This sinking effect, or “overturning,” allows the currents to transfer enormous
amounts of heat around the planet, making them hugely influential for the
climate around the Atlantic and beyond.
As humans
warm the atmosphere, however, the melting of the Greenland ice sheet is adding
large amounts of fresh water to the North Atlantic, which could be disrupting
the balance of heat and salinity that keeps the overturning moving. A patch of
the Atlantic south of Greenland has cooled conspicuously in recent years,
creating a “cold blob” that some scientists see as a sign that the system is
slowing.
Were the
circulation to tip into a much weaker state, the effects on the climate would
be far-reaching, though scientists are still examining their potential
magnitude. Much of the Northern Hemisphere could cool. The coastlines of North
America and Europe could see faster sea-level rise. Northern Europe could
experience stormier winters, while the Sahel in Africa and the monsoon regions
of Asia would most likely get less rain.
Evidence
from ice and sediment cores indicates that the Atlantic circulation underwent
abrupt stops and starts in the deep past. But scientists’ most advanced
computer models of the global climate have produced a wide range of predictions
for how the currents might behave in the coming decades, in part because the
mix of factors that shape them is so complex.
Dr.
Ditlevsen’s new analysis focused on a simple metric, based on sea-surface temperatures,
that is similar to ones other scientists have used as proxies for the strength
of the Atlantic circulation. She conducted the analysis with Peter Ditlevsen,
her brother, who is a climate scientist at the University of Copenhagen’s Niels
Bohr Institute. They used data on their proxy measure from 1870 to 2020 to
calculate statistical indicators that presage changes in the overturning.
“Not only
do we see an increase in these indicators,” Peter Ditlevsen said, “but we see
an increase which is consistent with this approaching a tipping point.”
They then
used the mathematical properties of a tipping-point-like system to extrapolate
from these trends. That led them to predict that the Atlantic circulation could
collapse around midcentury, though it could potentially occur as soon as 2025
and as late as 2095.
Their
analysis included no specific assumptions about how much greenhouse-gas
emissions will rise in this century.
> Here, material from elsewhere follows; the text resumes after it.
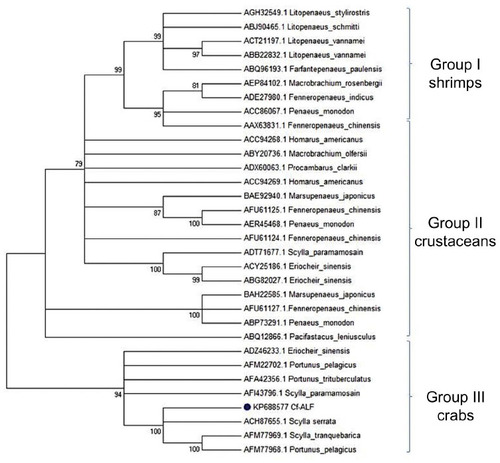 Figure 6 A bootstrapped neighbor-joining tree obtained using Molecular Evolutionary Genetics Analysis version 6, illustrating relationships between the deduced amino acid sequences of the Charybdis feriatus-ALF1 (GenBank ID: KP688577) with other ALFs of decapod crustaceans.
It assumed only that the forces bringing
about an AMOC collapse would continue at an unchanging pace — essentially, that
atmospheric carbon dioxide concentrations would keep rising as they have since
the Industrial Revolution.
In
interviews, several researchers who study the overturning applauded the new
analysis for using a novel approach to predict when we might cross a tipping
point, particularly given how hard it has been to do so using computer models
of the global climate. But they voiced reservations about some of its methods,
and said more work was still needed to nail down the timing with greater
certainty.
Susan
Lozier, a physical oceanographer at Georgia Tech, said sea-surface temperatures
in the North Atlantic near Greenland weren’t necessarily influenced by changes
in the overturning alone, making them a questionable proxy for inferring those
changes. She pointed to a study published last year showing that much of the
cold blob’s development could be explained by shifts in wind and atmospheric
patterns.
Scientists
are now using sensors slung across the Atlantic to directly measure the
overturning. Dr. Lozier is involved in one of these measurement efforts. The
aim is to better understand what’s driving the changes beneath the waves, and
to improve projections of future changes.
But the
projects began collecting data in 2004 at the earliest, which isn’t enough time
to draw firm long-term conclusions. “It is extremely difficult to look at a
short record for the ocean overturning and say what it is going to do over 30,
40 or 50 years,” Dr. Lozier said.
Levke
Caesar, a postdoctoral researcher studying the overturning at the University of
Bremen in Germany, expressed concerns about the older temperature records that
Dr. Ditlevsen and Dr. Ditlevsen used to compute their proxy. These records,
from the late 19th and early 20th centuries, might not be reliable enough to be
used for fine-toothed statistical analysis without careful adjustments, she
said.
Still, the
new study sent an urgent message about the need to keep collecting data on the
changing ocean currents, Dr. Caesar said. “There is something happening, and
it’s likely out of the ordinary,” she said. “Something that wouldn’t have
happened if it weren’t for us humans.”
Scientists’
uncertainty about the timing of an AMOC collapse shouldn’t be taken as an
excuse for not reducing greenhouse-gas emissions to try to avoid it, said Hali
Kilbourne, an associate research professor at the University of Maryland Center
for Environmental Science.
“It is very
plausible that we’ve fallen off a cliff already and don’t know it,” Dr.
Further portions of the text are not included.